If you’re haunted by an overwhelming amount of debt that you can barely pay, you’ve probably considered bankruptcy. However, many people shy away from bankruptcy because it can be a lengthy process that stays on your credit report for at least 7 years and can follow you for life (since most major loan applications ask if you’ve ever filed bankruptcy). For many people, debt settlement emerges as an appealing alternative to bankruptcy.
Negotiating a Debt Settlement
Debt settlement is a process through which you and a creditor negotiate a payment that’s less than the original amount owed. The creditor agrees to accept this lower payment as full satisfaction for the debt.
Why would a creditor agree to a debt settlement? A creditor who’s being paid on time every month has little incentive to accept a settlement offer. You’re likely to continue making timely payments to preserve your credit score. However, on the other end of the spectrum, if you’ve fallen severely behind on your payments, the creditor would get much less from the debt, or nothing if you simply decided not to pay or filed bankruptcy.
Once you’ve reached a settlement with the creditor, you make payment and the deal is done. You can also settle with debt collectors if the debt has already been sold.
Debt Settlement Through a Firm
Some consumers are able to negotiate debts on their own, others choose to seek help through a debt settlement firm. It can be like the difference between representing yourself in court and hiring an attorney. Sure, you can learn the law and attempt to defend yourself, but you may be more comfortable paying someone who has more experience.
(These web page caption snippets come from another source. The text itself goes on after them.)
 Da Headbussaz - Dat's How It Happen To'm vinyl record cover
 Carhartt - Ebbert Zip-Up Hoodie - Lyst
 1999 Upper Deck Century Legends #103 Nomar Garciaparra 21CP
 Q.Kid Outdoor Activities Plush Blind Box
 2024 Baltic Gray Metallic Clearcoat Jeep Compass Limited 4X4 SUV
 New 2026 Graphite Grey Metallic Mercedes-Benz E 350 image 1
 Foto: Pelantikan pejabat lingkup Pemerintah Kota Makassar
When you hire a debt settlement firm, they do the work for you. They contact your creditors and try to work out a settlement firm. They may collect money from you for the settlement payment and distribute it to the creditor when a settlement is made. If you don’t have the money upfront, the debt settlement firm could then set up a dedicated account in your name. You would make payments into the account each month and a lump sum payment is made to the creditor when the dedicated account balance is high enough to pay the settlement amount.
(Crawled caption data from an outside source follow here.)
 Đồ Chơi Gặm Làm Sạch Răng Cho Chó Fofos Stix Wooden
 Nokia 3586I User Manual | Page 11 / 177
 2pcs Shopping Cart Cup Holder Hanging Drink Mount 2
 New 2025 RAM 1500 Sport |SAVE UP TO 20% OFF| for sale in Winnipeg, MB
Disadvantages of Debt Settlement
There are some drawbacks to debt settlement and you must decide if these are better or worse than the drawbacks to the alternatives of debt settlement. You typically must stop making payments to your creditors for debt settlement to be successful. But, missed payments will be listed on your credit report.
When you settle debt, part of the total debt is canceled. If the canceled debt is $600 or more, then the creditor is required to report this to the IRS and you must include it as income on your tax return. This could increase the amount of tax you owe for that year. Increased tax liability could result in a lower tax refund or even require you to make payment or an increased payment to the IRS.
Debt settlement could take a few months depending on when your creditors finally agree to a settlement (if they agree at all) and when you’re able to make a settlement payment. But, when such process is completed, you don’t have to worry about that debt and you don’t have to live with the effects of a bankruptcy.